Karlsson won the Lady Byng Trophy, which recognizes sportsmanship, gentlemanly conduct and a high standard of playing ability, a year after he was training in Sweden wondering if he would be picked in the expansion draft. He scored six goals for the Columbus Blue Jackets in 2016-17. He scored 43 goals for Vegas in 2017-18, third in the NHL, and had 12 penalty minutes, the fewest among the League's top 40 scorers. He led the NHL with a plus-49 rating, the highest since 2009-10.
Video: William Karlsson is awarded the Lady Byng Trophy
"It's very special," Karlsson said. "I mean, just looking back a year ago, who would have thought I would sit here just nominated for an award? But to win it, it's been a crazy year."
Engelland won the Mark Messier Leadership Award, even though he wasn't a captain. The Golden Knights didn't have one, and the lack of hierarchy was one of the reasons for their success. He said several of his teammates could have won the award instead of him. But Engelland had played for Las Vegas of the ECHL in 2003-05 and lived in the city in the offseason, and it was he who took the lead after Oct. 1. He and his wife, Melissa, brought groceries to a firefighters' union hall the next morning. He gave a speech during an emotional pregame ceremony honoring victims, families and first responders at the home opener Oct. 10, telling the crowd, "We are Vegas Strong."
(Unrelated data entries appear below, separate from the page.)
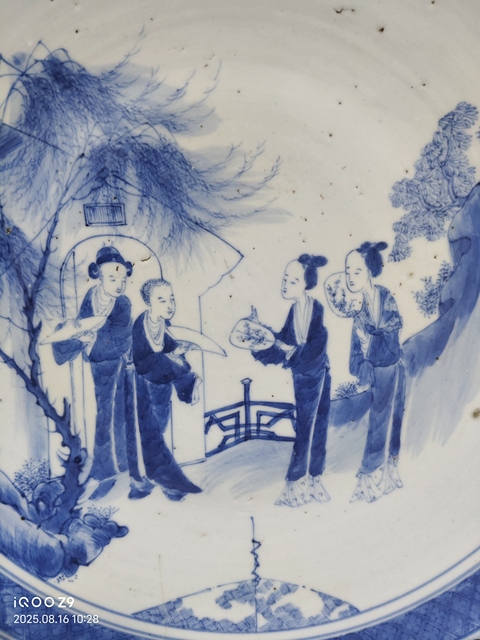 古玩陶瓷青花人物故事紋盤(pán)真品鑒賞圖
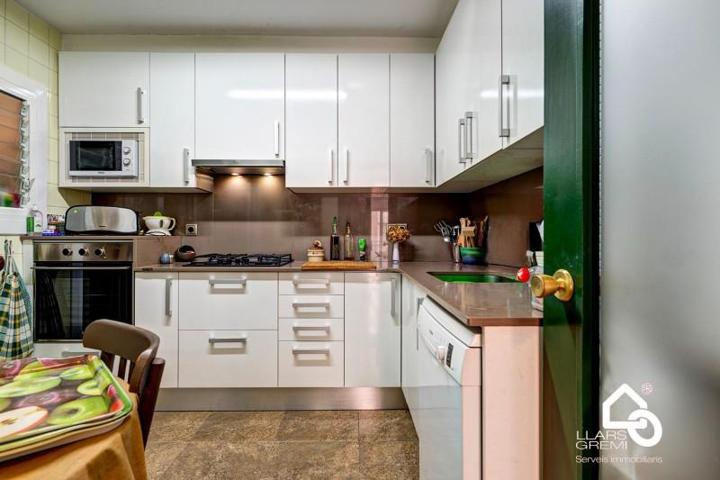 Piso en venta en Igualada, Poble Sec photo 0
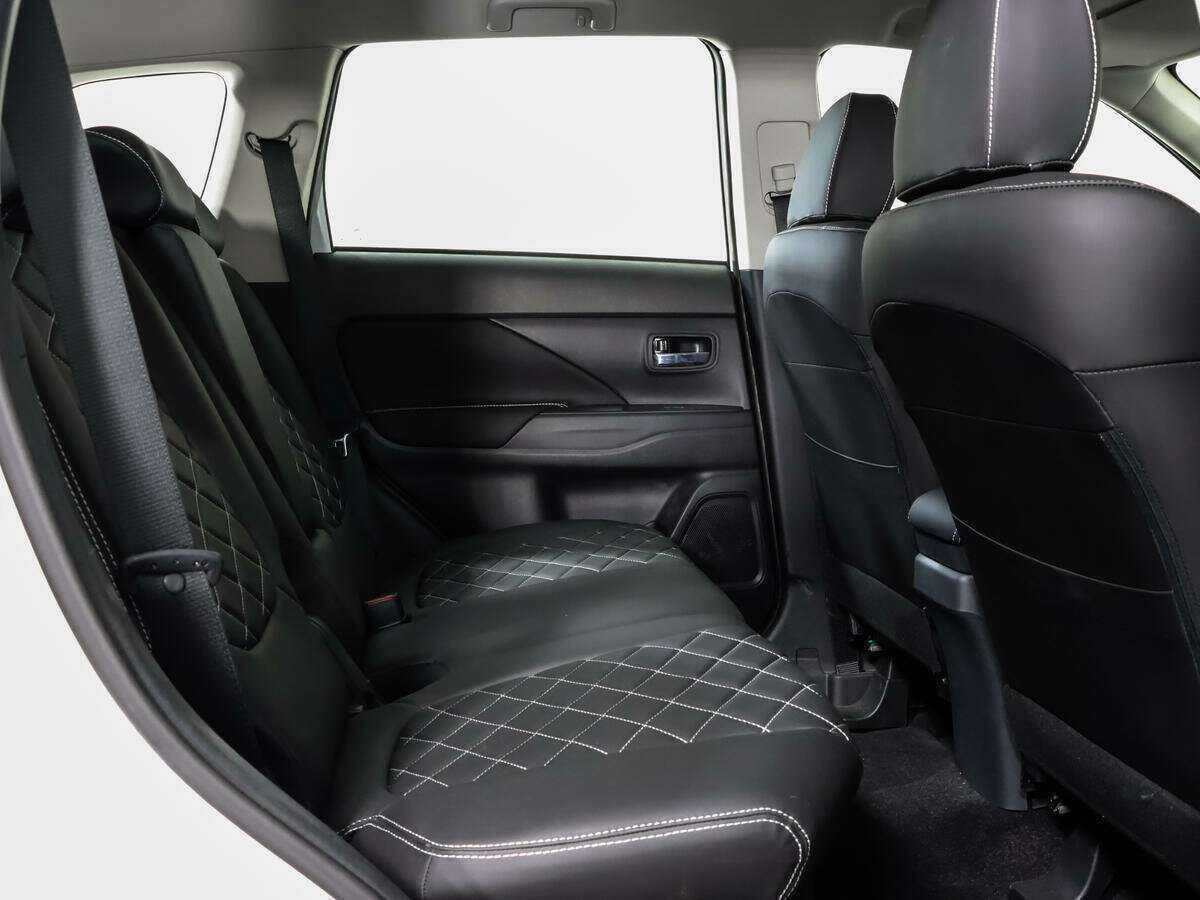Mitsubishi Outlander с пробегом — 2022 год. Фото: #10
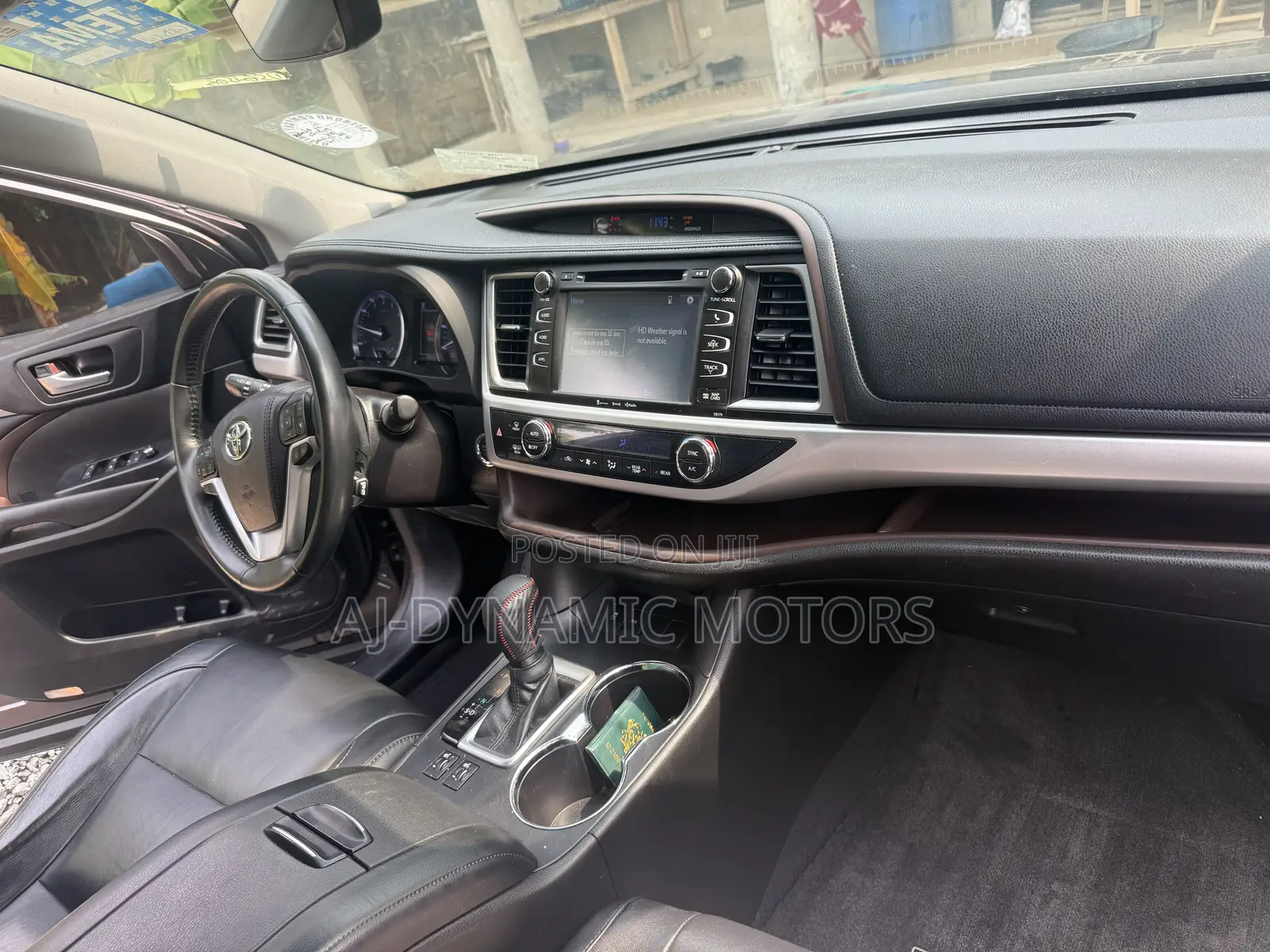 Toyota Highlander LE 4x2 V6 (3.5L 6cyl 8A) 2018 Burgundy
"It meant a lot," Engelland said. "Looking back, no matter what I do in my career, that's probably going to be one of the biggest moments of my hockey career, that night."
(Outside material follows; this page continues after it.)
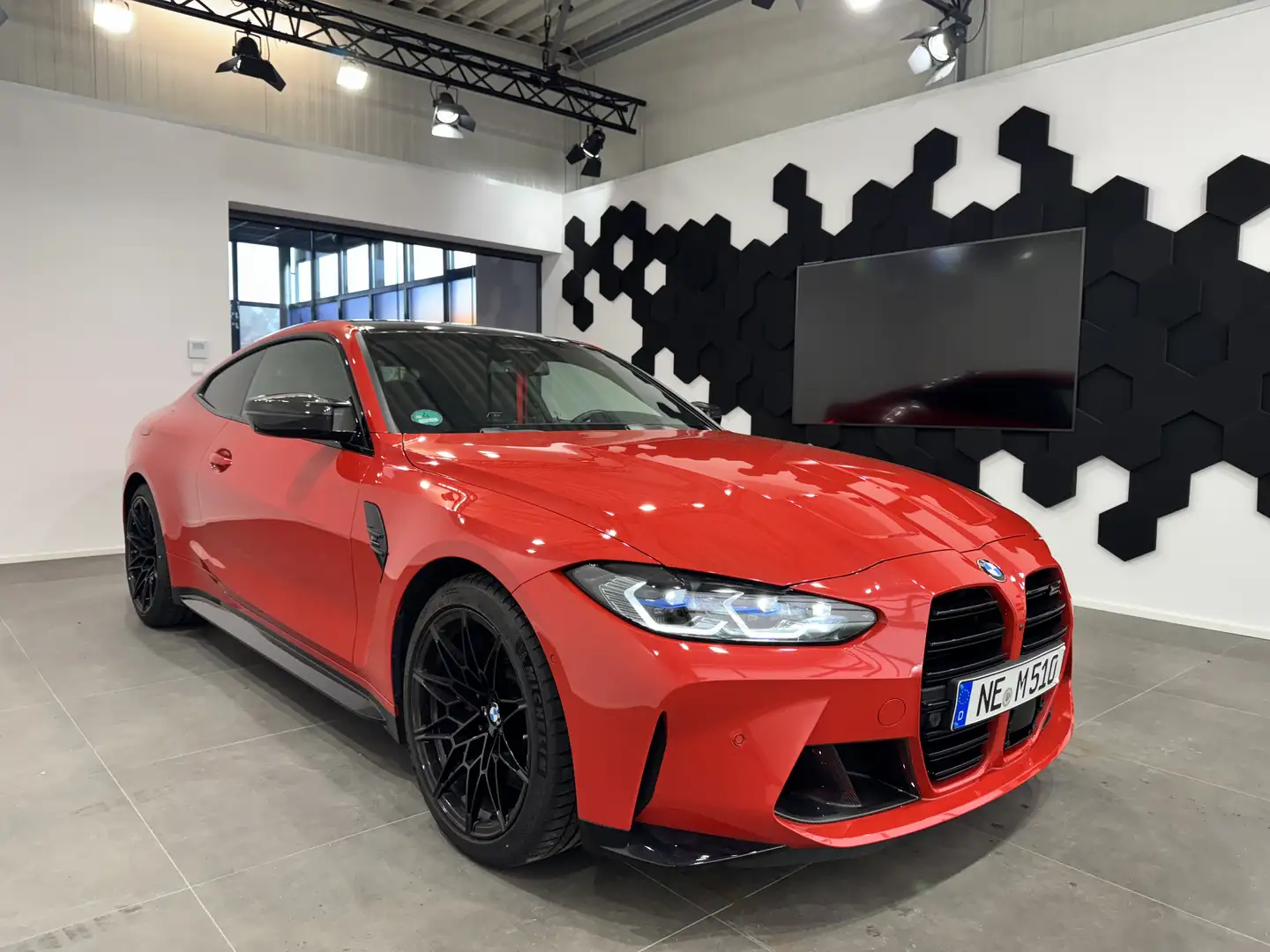 BMW M4 Competition M xDrive ACC Driving Prof M Carbon Pak Red - 1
Engelland and his wife ran a program to honor victims, families and first responders at each home game during the regular season and stayed in contact with them as friends behind the scenes. When the Golden Knights eliminated the Winnipeg Jets with a 2-1 road win in Game 5 of the Western Conference Final on May 20, they chose Engelland to receive the Clarence Campbell Bowl.
Video: Deryk Engelland wins Mark Messier Leadership Award
"What they did in the aftermath of Oct 1, what they've done in so many ways in this community, really made a big difference in this community, I believe, in uplifting the community and trying to help this community heal and persevere," McPhee said. "We're very, very fortunate to have these young men. We're all trying to win championships, but we all know it's a lot more than that."